In case you're still looking for more information on this, I'll chip in my two cents.
It may help to think of neural networks as just fitting some function based on the training data. Each hidden layer increases the ability of the neural network to fit more complex functions. A network without hidden layers, often called a perceptron, is only able to fit linear (technically linearly separable) functions. As a rule of thumb, each hidden layer adds the ability to fit one higher degree polynomial function. So for example a network with one hidden layer should be able to fit a quadratic function, two hidden layers can fit a cubic function and so on.
Perhaps contrary to your intuition, the cosine you're trying to train is actually a complex dataset for a neural network, precisely because it fits polynomial functions. Implicitly the network will relax to weights that are in principle approximating your cosine with a polynomial. If you look at the tailor expansion for a sine for example, you'll see that a close approximation would require a 7th degree polynomial, which together with the rather small $\frac{1}{7 !}$ weight should prove quite a challenge for your network to train.
It might also be interesting to note that the approximation only holds well for $−1 < x < 1$, since a typical polynomial will quickly diverge from the sine/cosine beyond this interval. You might want to take that into account for your training set.

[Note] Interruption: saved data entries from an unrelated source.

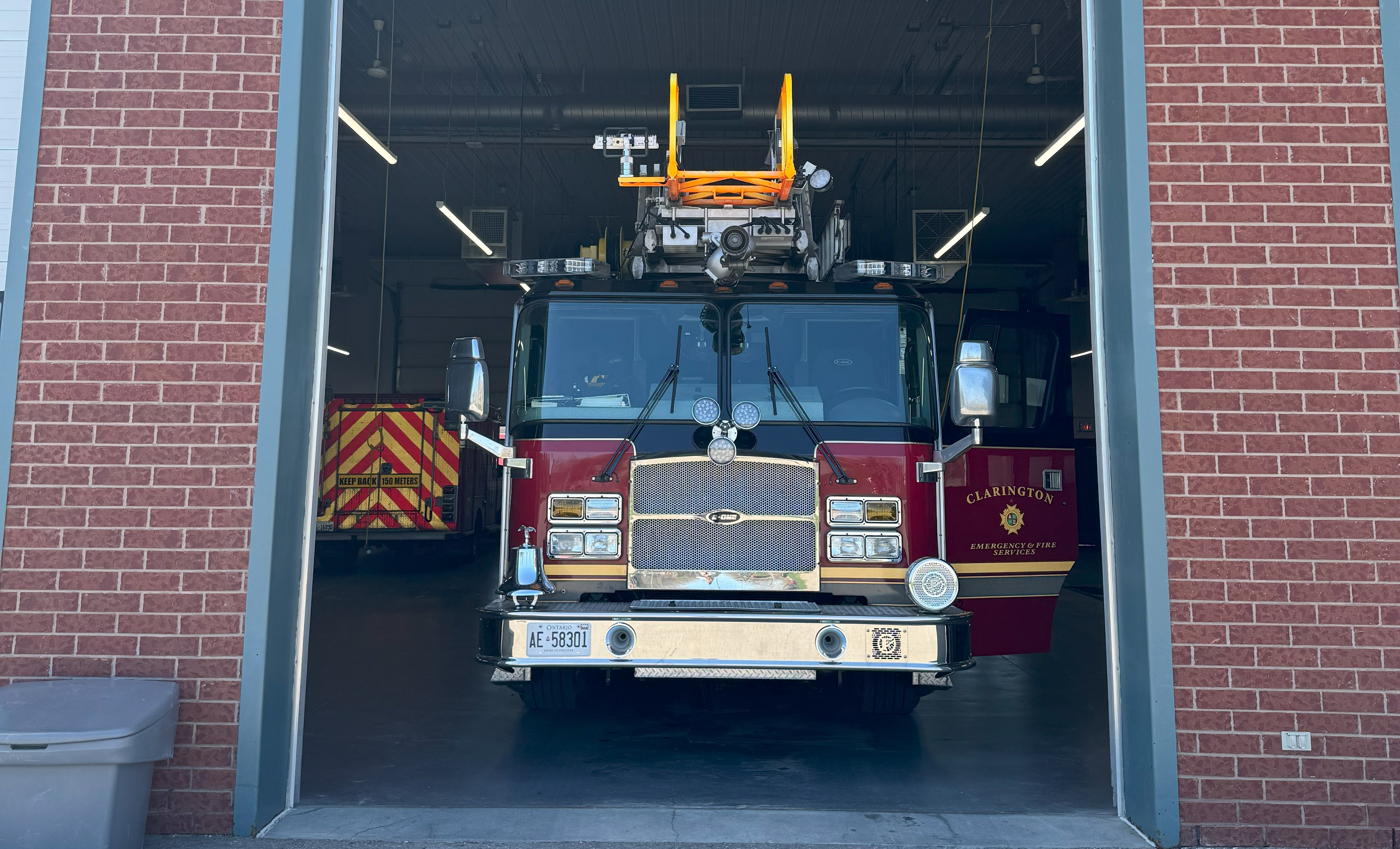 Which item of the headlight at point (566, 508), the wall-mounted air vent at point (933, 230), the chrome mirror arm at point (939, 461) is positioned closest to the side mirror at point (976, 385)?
the chrome mirror arm at point (939, 461)

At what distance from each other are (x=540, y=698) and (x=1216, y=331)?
4.09 meters

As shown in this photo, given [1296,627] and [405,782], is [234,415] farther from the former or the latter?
[1296,627]

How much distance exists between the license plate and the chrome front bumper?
0.05 ft

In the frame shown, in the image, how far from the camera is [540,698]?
569 centimetres

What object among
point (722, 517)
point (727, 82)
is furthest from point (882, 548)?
point (727, 82)

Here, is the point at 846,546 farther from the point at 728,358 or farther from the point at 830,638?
the point at 728,358

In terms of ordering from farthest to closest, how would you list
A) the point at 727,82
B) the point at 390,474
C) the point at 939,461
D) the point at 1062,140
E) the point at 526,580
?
the point at 390,474, the point at 727,82, the point at 1062,140, the point at 939,461, the point at 526,580

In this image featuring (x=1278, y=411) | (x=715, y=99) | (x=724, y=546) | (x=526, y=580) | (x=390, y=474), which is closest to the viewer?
(x=1278, y=411)

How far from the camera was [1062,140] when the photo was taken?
1126 centimetres

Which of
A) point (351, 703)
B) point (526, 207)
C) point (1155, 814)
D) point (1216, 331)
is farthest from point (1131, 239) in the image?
point (526, 207)

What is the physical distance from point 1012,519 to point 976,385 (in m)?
2.14

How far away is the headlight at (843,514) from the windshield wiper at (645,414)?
3.23ft

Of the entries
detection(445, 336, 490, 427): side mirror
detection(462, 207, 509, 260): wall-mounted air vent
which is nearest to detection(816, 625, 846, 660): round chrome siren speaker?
detection(445, 336, 490, 427): side mirror

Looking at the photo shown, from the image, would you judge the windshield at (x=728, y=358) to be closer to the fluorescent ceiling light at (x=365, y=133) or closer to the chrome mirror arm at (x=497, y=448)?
the chrome mirror arm at (x=497, y=448) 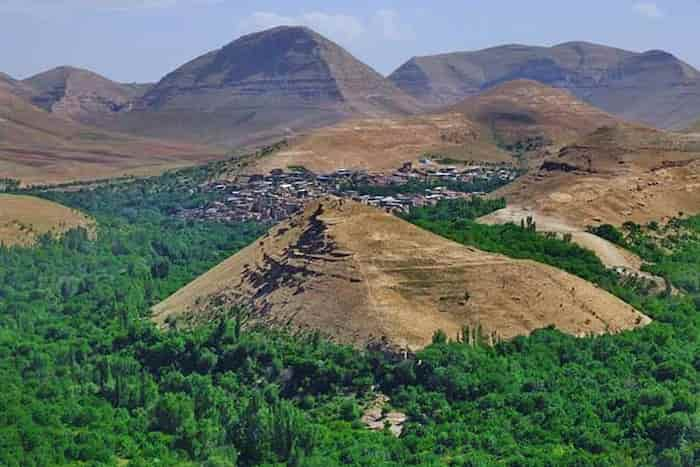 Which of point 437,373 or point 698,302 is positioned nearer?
point 437,373

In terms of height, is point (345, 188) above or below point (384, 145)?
below

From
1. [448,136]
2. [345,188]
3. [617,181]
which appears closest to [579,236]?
[617,181]

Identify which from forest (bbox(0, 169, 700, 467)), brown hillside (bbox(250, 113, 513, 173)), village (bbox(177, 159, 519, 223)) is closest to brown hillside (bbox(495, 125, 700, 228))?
forest (bbox(0, 169, 700, 467))

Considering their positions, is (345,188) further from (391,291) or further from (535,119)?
(391,291)

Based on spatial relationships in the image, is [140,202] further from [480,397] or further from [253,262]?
[480,397]

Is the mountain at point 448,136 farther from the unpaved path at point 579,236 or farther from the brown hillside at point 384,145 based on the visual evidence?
the unpaved path at point 579,236

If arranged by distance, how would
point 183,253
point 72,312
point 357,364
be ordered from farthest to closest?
point 183,253 → point 72,312 → point 357,364

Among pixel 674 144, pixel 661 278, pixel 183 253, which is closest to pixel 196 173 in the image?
pixel 183 253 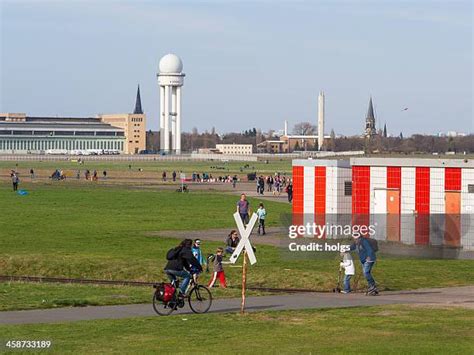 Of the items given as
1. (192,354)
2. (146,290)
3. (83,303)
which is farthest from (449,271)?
(192,354)

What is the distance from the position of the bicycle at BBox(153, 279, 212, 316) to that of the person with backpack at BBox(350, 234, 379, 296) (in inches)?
190

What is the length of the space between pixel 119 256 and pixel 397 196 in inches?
404

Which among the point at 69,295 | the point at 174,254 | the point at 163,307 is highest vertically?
the point at 174,254

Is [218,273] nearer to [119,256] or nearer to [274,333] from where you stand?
[119,256]

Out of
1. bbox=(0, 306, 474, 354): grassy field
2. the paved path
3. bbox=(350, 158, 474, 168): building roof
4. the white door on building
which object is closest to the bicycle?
the paved path

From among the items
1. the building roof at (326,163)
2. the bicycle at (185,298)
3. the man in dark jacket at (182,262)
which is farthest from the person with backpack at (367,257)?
the building roof at (326,163)

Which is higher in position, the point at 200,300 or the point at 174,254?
the point at 174,254

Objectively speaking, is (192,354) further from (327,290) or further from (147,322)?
(327,290)

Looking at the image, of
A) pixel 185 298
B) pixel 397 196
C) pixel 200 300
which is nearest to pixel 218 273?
pixel 185 298

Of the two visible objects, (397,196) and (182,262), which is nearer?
(182,262)

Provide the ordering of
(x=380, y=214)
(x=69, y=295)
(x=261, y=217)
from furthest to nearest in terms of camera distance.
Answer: (x=261, y=217) < (x=380, y=214) < (x=69, y=295)

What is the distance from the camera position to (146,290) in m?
27.6

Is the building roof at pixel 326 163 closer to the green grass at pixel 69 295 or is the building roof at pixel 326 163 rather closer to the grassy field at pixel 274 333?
the green grass at pixel 69 295

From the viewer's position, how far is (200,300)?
76.9ft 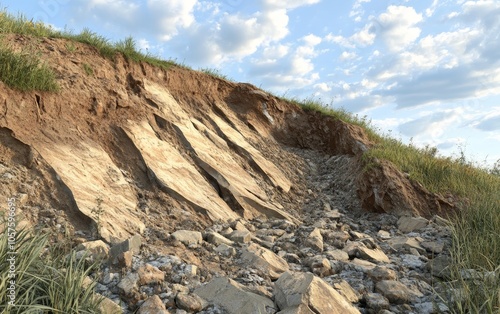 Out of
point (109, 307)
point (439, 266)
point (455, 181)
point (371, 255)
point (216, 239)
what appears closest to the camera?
point (109, 307)

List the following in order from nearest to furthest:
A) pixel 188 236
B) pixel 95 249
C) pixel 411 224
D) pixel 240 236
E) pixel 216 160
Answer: pixel 95 249 < pixel 188 236 < pixel 240 236 < pixel 411 224 < pixel 216 160

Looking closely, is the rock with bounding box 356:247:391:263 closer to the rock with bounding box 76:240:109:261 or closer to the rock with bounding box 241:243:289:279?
the rock with bounding box 241:243:289:279

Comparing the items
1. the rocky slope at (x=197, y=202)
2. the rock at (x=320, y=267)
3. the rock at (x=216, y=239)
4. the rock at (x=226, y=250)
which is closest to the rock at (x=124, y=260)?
the rocky slope at (x=197, y=202)

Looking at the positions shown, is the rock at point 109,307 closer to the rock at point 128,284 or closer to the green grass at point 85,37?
the rock at point 128,284

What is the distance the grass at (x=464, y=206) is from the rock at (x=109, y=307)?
2.94 meters

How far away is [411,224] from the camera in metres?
7.82

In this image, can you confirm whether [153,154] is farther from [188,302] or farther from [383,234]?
[383,234]

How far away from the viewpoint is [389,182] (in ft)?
28.2

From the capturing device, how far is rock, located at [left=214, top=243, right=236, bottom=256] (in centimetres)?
514

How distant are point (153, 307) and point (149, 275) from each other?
0.47 m

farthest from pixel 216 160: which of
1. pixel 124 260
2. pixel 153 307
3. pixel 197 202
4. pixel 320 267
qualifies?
pixel 153 307

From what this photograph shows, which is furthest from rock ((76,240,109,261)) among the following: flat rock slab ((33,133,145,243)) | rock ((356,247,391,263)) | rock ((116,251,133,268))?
rock ((356,247,391,263))

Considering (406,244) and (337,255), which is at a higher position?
(406,244)

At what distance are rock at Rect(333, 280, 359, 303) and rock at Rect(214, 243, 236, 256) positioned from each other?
1242 millimetres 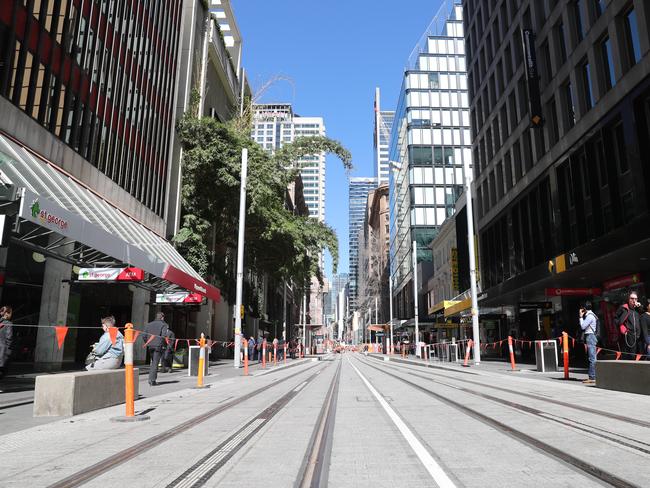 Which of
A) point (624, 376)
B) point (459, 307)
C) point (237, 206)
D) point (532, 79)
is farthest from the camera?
point (459, 307)

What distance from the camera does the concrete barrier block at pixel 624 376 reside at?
10656mm

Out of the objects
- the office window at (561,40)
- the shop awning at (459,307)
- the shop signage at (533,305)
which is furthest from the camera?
the shop awning at (459,307)

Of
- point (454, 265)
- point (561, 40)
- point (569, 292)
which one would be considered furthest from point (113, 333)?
point (454, 265)

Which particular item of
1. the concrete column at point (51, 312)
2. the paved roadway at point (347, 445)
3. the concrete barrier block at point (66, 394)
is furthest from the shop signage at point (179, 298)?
the concrete barrier block at point (66, 394)

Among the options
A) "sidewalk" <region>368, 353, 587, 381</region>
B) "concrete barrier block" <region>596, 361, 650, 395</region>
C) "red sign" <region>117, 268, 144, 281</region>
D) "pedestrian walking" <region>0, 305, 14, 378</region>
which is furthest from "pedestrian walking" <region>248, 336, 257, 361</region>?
"concrete barrier block" <region>596, 361, 650, 395</region>

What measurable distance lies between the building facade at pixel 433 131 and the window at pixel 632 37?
47755 millimetres

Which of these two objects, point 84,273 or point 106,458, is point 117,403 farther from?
point 84,273

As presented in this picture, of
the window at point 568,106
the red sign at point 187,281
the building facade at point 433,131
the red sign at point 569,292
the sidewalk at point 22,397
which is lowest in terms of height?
the sidewalk at point 22,397

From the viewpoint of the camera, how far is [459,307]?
34219 mm

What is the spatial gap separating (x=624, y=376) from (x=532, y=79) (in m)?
21.5

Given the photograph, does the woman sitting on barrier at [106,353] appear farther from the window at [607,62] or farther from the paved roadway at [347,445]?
the window at [607,62]

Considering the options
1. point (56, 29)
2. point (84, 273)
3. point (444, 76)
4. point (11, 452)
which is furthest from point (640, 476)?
point (444, 76)

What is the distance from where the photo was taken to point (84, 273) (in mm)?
18328

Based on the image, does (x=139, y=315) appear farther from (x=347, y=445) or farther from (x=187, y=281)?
(x=347, y=445) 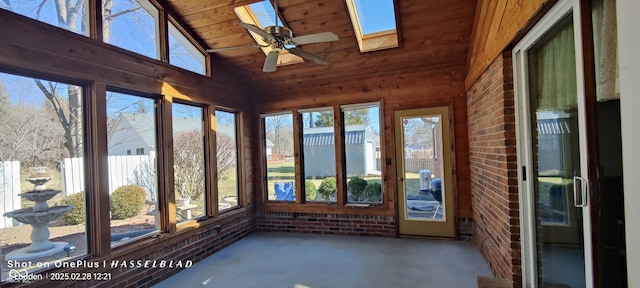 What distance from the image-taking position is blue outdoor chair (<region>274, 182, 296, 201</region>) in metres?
5.21

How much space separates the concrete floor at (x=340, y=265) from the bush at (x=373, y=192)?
2.00 ft

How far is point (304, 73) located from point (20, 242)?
3.65m

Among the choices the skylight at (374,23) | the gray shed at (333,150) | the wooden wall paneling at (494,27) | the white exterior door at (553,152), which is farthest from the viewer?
the gray shed at (333,150)

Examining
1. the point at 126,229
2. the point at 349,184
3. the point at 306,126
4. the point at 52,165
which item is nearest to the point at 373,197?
the point at 349,184

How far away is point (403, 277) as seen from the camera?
10.5 feet

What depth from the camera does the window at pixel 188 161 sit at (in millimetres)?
3854

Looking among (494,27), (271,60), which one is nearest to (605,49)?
(494,27)

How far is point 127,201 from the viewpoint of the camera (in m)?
3.22

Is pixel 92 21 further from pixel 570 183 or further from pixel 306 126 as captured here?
pixel 570 183

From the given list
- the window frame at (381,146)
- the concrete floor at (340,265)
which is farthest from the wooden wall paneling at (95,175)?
the window frame at (381,146)

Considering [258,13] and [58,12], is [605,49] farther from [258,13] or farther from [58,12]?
[58,12]

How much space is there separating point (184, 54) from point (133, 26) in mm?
729

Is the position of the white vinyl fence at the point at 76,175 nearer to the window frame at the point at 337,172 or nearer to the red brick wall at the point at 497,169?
the window frame at the point at 337,172

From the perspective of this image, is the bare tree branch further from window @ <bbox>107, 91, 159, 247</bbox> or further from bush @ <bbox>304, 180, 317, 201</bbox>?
bush @ <bbox>304, 180, 317, 201</bbox> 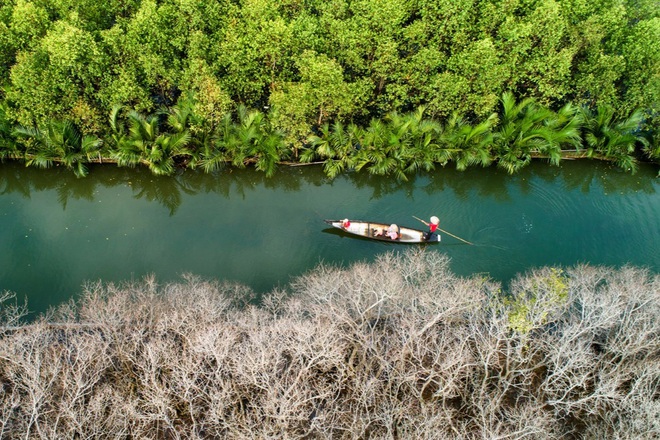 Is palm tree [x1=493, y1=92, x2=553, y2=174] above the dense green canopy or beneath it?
beneath

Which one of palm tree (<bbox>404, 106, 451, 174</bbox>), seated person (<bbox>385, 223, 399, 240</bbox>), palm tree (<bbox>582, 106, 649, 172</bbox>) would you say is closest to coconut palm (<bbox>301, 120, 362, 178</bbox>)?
palm tree (<bbox>404, 106, 451, 174</bbox>)

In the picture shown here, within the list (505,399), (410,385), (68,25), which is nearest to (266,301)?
(410,385)

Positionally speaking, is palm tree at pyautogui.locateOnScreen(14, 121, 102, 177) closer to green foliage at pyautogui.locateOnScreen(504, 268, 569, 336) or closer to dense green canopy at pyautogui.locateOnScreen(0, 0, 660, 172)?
dense green canopy at pyautogui.locateOnScreen(0, 0, 660, 172)

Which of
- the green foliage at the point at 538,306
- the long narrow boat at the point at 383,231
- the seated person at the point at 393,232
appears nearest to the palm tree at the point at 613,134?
the long narrow boat at the point at 383,231

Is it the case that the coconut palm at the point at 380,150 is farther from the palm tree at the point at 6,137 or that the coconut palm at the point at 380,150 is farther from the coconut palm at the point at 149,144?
the palm tree at the point at 6,137

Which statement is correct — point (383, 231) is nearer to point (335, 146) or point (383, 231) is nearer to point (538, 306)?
point (335, 146)

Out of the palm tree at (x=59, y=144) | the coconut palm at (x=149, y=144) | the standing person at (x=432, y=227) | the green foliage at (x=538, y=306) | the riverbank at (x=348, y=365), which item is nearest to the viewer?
the riverbank at (x=348, y=365)

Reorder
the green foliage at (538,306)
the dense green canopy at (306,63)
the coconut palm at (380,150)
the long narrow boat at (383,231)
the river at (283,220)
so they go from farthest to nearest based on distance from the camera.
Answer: the coconut palm at (380,150)
the dense green canopy at (306,63)
the long narrow boat at (383,231)
the river at (283,220)
the green foliage at (538,306)
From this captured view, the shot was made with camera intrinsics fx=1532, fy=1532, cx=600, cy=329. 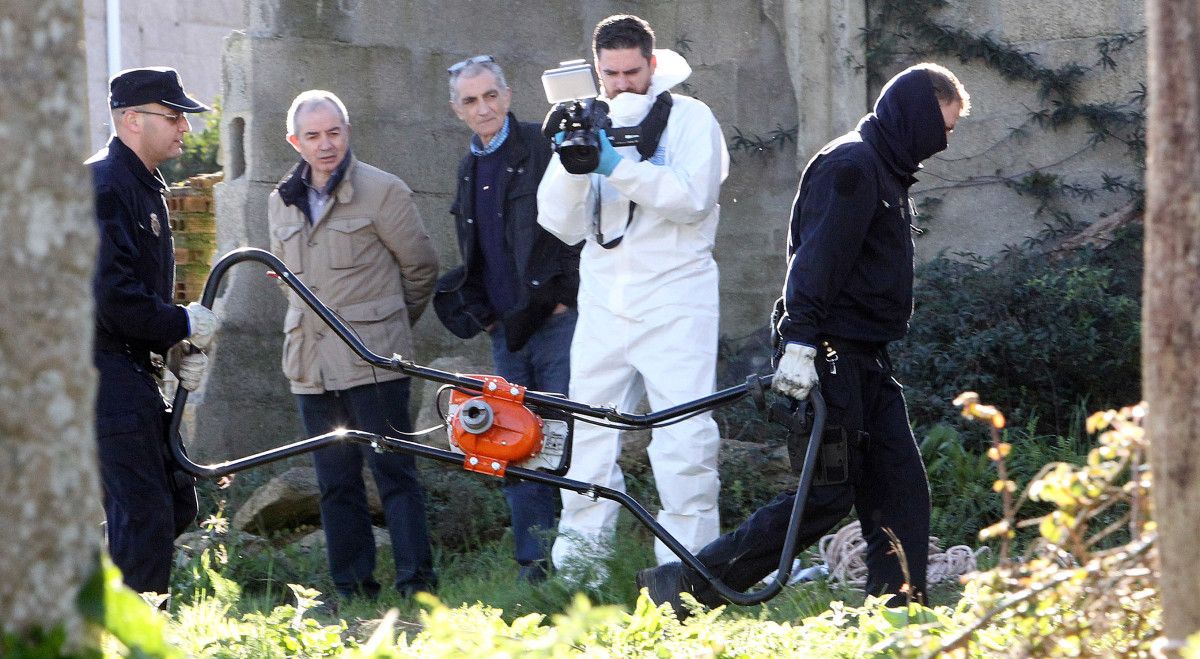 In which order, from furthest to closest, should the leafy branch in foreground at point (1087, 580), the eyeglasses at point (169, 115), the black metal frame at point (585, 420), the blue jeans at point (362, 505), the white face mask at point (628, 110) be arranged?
the blue jeans at point (362, 505) → the white face mask at point (628, 110) → the eyeglasses at point (169, 115) → the black metal frame at point (585, 420) → the leafy branch in foreground at point (1087, 580)

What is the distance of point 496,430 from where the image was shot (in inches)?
169

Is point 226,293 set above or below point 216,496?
above

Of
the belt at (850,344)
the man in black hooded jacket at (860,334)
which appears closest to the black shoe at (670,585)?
the man in black hooded jacket at (860,334)

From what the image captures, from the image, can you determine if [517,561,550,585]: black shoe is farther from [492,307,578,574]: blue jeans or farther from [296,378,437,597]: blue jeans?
[296,378,437,597]: blue jeans

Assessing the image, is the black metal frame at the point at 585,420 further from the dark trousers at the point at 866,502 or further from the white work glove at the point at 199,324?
the white work glove at the point at 199,324

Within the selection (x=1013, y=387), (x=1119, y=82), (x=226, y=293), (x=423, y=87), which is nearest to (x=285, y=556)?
(x=226, y=293)

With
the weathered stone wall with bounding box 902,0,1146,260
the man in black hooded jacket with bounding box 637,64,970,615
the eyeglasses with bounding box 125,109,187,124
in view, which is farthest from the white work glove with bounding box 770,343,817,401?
the weathered stone wall with bounding box 902,0,1146,260

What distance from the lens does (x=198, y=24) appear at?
14984 millimetres

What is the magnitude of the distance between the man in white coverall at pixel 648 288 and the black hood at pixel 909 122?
0.93 meters

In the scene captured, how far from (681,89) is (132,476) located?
4890mm

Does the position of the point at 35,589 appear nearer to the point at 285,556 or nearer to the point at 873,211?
the point at 873,211

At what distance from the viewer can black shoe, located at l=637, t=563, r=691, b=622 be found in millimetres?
4594

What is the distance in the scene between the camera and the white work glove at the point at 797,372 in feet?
14.2

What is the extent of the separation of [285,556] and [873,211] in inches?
121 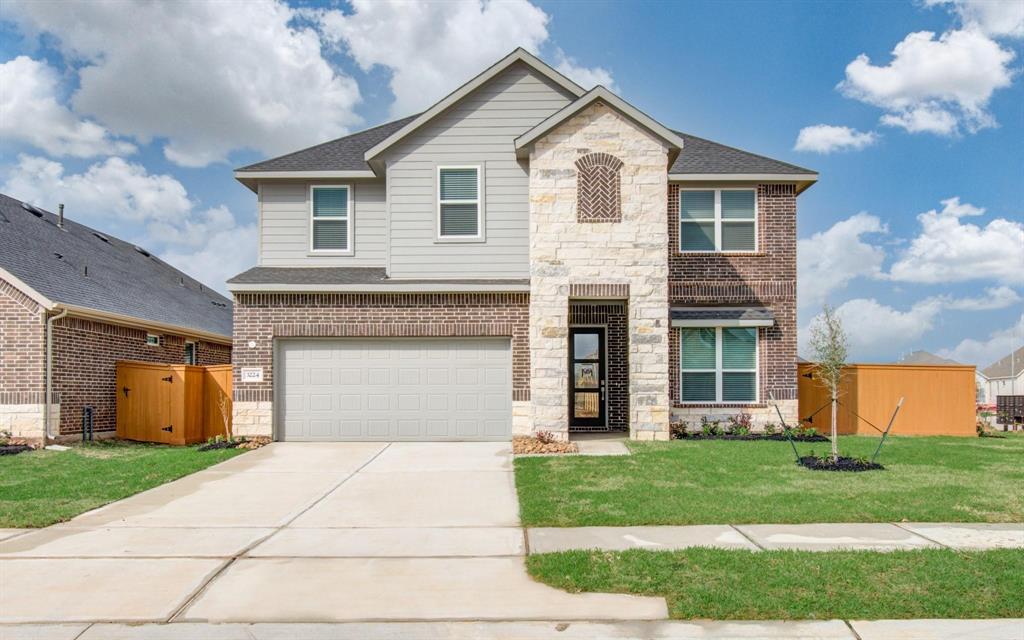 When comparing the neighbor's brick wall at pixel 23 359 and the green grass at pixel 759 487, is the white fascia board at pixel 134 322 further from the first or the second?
the green grass at pixel 759 487

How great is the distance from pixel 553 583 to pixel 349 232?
13.0 m

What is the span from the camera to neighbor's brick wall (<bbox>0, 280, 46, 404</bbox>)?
1598cm

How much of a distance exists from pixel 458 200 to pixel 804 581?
12295 mm

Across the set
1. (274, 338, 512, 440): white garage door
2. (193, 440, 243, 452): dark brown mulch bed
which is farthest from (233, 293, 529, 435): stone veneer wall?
(193, 440, 243, 452): dark brown mulch bed

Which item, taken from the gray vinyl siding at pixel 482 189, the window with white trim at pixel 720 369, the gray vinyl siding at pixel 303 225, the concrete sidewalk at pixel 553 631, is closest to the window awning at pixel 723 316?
the window with white trim at pixel 720 369

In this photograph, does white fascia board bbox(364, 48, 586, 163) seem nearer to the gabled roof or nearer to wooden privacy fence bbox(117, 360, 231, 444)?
the gabled roof

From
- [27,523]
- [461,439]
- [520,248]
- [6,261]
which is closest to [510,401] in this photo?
[461,439]

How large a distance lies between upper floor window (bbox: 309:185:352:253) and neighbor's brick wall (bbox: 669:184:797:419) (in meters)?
7.78

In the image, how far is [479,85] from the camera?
16.8 meters

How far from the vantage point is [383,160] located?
16.8 meters

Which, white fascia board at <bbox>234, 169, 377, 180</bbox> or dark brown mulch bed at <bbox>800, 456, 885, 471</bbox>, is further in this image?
white fascia board at <bbox>234, 169, 377, 180</bbox>

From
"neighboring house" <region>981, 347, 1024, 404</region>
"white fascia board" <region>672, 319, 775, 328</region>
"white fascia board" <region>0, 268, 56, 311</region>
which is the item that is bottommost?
"neighboring house" <region>981, 347, 1024, 404</region>

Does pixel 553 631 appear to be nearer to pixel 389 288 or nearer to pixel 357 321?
pixel 389 288

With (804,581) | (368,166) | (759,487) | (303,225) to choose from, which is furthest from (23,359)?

To wrap up it up, the primary reason you should be cautious with just adding hidden layers is the problem of overfitting. If you add too many layers (ie more layers than would be required for the -possibly unknown- polynomial underlying your training data), the network will typically fit too tightly to your training dataset, making it less useful for interpolation or extrapolation, or just evaluating new data outside the set.
A good example would actually be that tailor expansion again. If you read on in that section you'll come across the note that higher degree polynomials only marginally improve the accuracy in $−1 < x < 1$, while they perform (much) worse outside this interval. I should note that this may not exactly be the same problem, but it does illustrate what could go wrong.